Joachim Loew: Membangun Tim Solid
Jika Argentina memiliki Lionel Messi, Portugal punya Cristiano Ronaldo, Brasil mengandalkan Neymar, maka Jerman memiliki sebelas individu yang begitu kompak dalam tim. Ini tak lepas dari tangan dingin sang pelatih, Joachim Loew, yang terbukti mampu membangun tim solid. Inilah beberapa gaya kepemimpinan Joachim yang bisa Anda tiru:
1. Menjaga Nilai Kebersamaan
Sebagai pelatih, Joachim berkolaborasi harmonis dengan para pemainnya.
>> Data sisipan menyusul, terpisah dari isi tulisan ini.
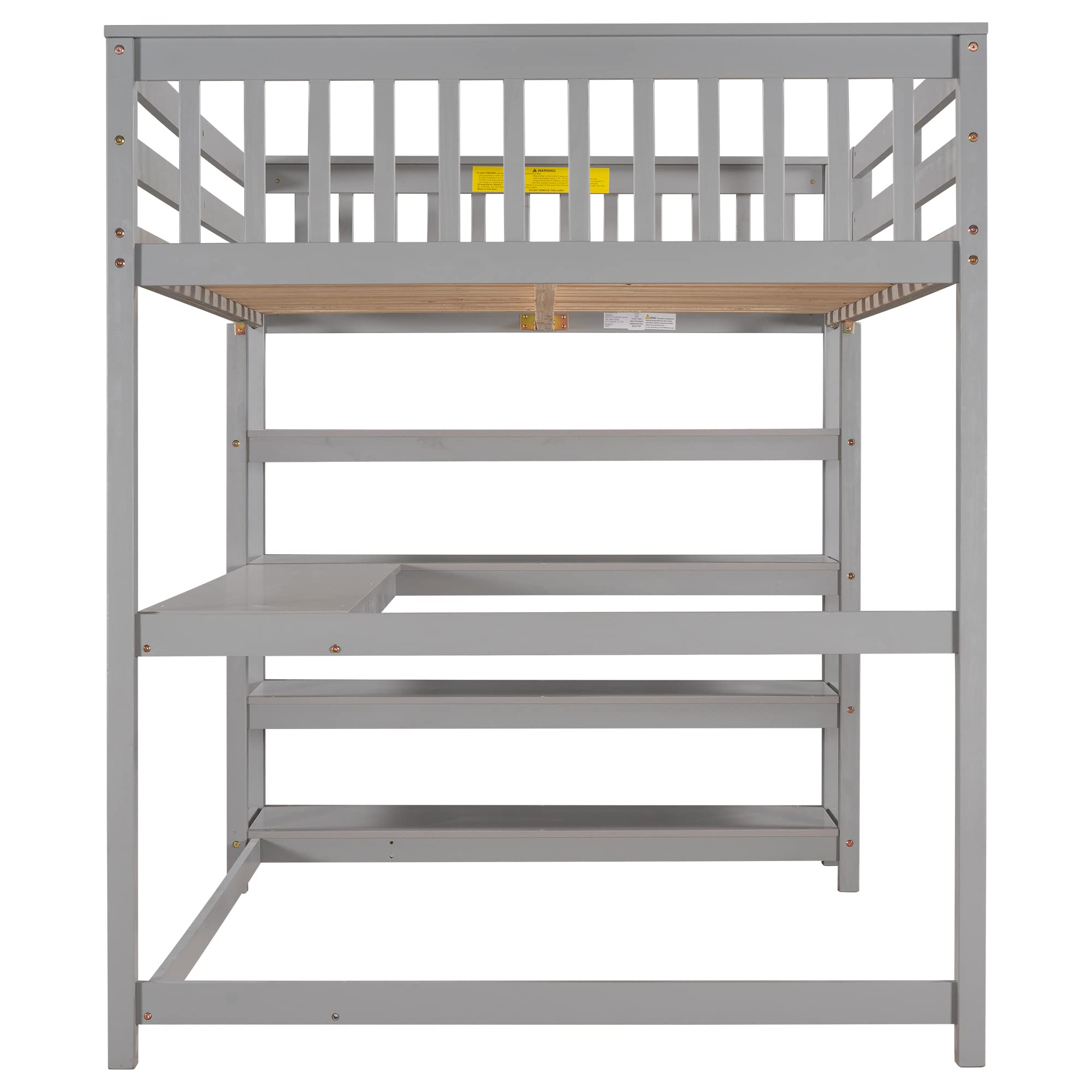 Bellemave Full Size Loft Bed with Desk & Storage Shelves - Solid Wood Loft Bed Frame for Teens & Adults - Space-Saving Bedroom Furniture (Gray) - Perfect for Small Rooms, Dorms & Apartments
Ia berhasil menekan ego pemain agar tak merasa menjadi yang paling hebat. Ini jelas berbeda dengan tim Inggris yang terdiri dari banyak pemain bintang, tetapi tak menonjol dari segi kebersamaan tim. Saat ada konflik, Jogi, nama panggilannya, akan segera menyelesaikan sebelum hal itu berkembang dan tercium media.
Kata Psikolog: Atasan harus mampu menyampaikan ambisi, visi, misi, dan tujuan kepada anak buah, agar bisa saling bahu-membahu mencapai target tertentu. Jangan sampai si bos bersikap menggebu-gebu, tapi anak buah malas-malasan. Lakukan ‘encouraging heart’, yakni upaya mengambil hati para bawahan. Ini penting agar saat bekerja, ada chemistry yang nyambung antara atasan dan bawahan.
2. Berinovasi
Tahun 2006, Jogi (panggilan Joachim) sudah berani berinovasi dengan menerapkan taktik permainan menyerang dan formasi dinamis dalam tim. Jogi juga menggunakan ahli sport science untuk membuat aplikasi smart phone berupa gudang data untuk mengecek kinerja pemain di lapangan maupun tim lawan.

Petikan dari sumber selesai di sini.